A quel punto però decido di offendermi: come osa non prenderci in considerazione? Sono stata ai funerali di Berlusconi, stronza! Vorrei urlarle, ma non lo faccio. Continuo a pensare a tutte le morti violente che sceglierei al posto del provino del Grande Fratello, ma questo non toglie che la giovane donna mi abbia ferito con il suo disinteresse. Comincio a temere che a lei freghi di me molto meno di quanto a me freghi di lei. È colpa dei capelli crespi? Conosce mia madre?

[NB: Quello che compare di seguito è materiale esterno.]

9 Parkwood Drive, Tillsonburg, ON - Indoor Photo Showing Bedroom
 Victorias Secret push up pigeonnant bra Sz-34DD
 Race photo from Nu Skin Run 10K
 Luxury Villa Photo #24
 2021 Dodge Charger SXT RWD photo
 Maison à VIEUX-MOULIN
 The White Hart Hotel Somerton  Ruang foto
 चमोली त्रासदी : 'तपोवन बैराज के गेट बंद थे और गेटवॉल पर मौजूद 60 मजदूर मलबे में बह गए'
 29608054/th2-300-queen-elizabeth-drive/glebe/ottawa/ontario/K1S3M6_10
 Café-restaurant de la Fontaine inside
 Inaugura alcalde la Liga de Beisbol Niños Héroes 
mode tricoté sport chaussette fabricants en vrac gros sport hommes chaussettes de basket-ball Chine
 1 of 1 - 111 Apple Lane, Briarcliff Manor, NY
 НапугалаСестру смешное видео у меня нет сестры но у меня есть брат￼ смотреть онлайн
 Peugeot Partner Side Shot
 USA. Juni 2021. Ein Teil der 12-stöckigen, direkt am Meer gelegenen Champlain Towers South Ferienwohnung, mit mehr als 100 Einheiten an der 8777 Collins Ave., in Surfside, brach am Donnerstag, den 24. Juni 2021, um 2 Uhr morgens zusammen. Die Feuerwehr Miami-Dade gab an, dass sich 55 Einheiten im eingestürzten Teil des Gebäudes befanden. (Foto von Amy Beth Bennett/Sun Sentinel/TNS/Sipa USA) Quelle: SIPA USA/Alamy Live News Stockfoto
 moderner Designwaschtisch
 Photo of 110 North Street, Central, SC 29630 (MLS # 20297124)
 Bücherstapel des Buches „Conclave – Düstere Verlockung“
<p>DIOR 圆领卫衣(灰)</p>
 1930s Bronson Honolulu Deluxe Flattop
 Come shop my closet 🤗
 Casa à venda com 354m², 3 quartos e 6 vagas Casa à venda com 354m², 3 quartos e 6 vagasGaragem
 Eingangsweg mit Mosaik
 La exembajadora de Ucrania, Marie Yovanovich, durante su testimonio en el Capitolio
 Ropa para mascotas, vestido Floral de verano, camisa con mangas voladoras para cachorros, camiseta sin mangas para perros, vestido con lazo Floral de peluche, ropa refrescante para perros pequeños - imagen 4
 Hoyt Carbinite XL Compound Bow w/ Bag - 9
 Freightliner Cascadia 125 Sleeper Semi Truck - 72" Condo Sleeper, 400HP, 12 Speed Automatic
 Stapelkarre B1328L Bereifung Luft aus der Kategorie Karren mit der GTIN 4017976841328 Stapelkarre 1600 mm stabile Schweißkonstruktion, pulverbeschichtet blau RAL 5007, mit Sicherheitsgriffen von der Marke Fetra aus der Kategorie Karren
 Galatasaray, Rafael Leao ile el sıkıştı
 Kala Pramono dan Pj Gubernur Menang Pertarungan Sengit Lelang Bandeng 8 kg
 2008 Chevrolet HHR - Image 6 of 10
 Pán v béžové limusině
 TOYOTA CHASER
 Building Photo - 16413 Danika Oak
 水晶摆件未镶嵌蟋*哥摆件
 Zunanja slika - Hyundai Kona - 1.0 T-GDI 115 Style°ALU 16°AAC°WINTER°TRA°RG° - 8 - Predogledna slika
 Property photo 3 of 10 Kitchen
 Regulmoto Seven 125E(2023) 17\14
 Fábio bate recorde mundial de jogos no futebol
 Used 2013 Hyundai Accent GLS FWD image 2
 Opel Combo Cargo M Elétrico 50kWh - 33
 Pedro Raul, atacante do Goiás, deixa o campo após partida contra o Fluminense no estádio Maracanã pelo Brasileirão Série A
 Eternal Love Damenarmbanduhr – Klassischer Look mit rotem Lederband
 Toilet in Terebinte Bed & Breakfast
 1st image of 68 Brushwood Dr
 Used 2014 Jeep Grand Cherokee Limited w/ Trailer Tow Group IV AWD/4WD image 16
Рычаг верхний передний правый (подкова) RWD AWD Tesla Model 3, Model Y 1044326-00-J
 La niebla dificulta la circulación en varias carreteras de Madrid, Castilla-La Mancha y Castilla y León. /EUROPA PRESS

Un paio di nostri amici stanno aspettando il loro turno nell’angolo dei provini, dicono che li fanno così, per ridere, ma si capisce che una strana speranza sta prendendo forma nel loro cuore: ha il profumo di una svolta e la faccia di Rocco Casalino. Il fermento al nostro tavolo si è ormai spento del tutto, persino quello sotto funghi non lo percepisce più. «La televisione è proprio finita» sospira un altro, pensando alle file di aspiranti attori e sceneggiatori che si sarebbero formate se al posto di questi emissari di un impero al tramonto ci fosse stata una delegazione di Netflix. Tutti annuiamo solennemente e mentre contempliamo la fine di un’èra ci chiediamo cosa sia questa amarezza che ci attraversa. Compassione, malinconia, o forse è solo un twist.